Arrow Energy announced that on December 31, 2007, it completed a non-brokered private placement of common shares that consisted of 1,250,000 common shares issued on a flow-through basis (the "Common Shares") for income tax purposes at $0.40 per share (the "Placement"). The gross proceeds of $500,000 are intended to be used to finance exploration and development activities and for general corporate purposes.
Arrow is required to incur qualifying expenditures totaling $500,000 by December 31, 2008 and has renounced this amount of Canadian Exploration Expenses ("CEE") to subscribers effective December 31, 2007. The securities issued will be subject to a four-month hold period from the date of closing. Following completion of this placement, Arrow has 28,483,727 common shares outstanding.

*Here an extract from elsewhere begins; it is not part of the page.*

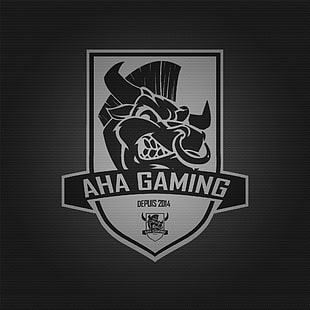 black and white printed textile, e-sport, aha gaming, video games HD wallpaper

In conjunction with the Placement, Arrow paid a finder's fee in the amount of $20,000 to Northern Securities Inc. Pursuant to Policy 5.9 of the Exchange and Ontario Securities Commission Rule 61-501 ("Rule 61-501"), the Placement may be classified as a related-party transaction as a member of the Company's board of directors (the "Related Party") subscribed for Common Shares. Arrow has determined, however, that certain exemptions from the formal valuation and minority shareholder approval requirements under Rule 61-501 are applicable.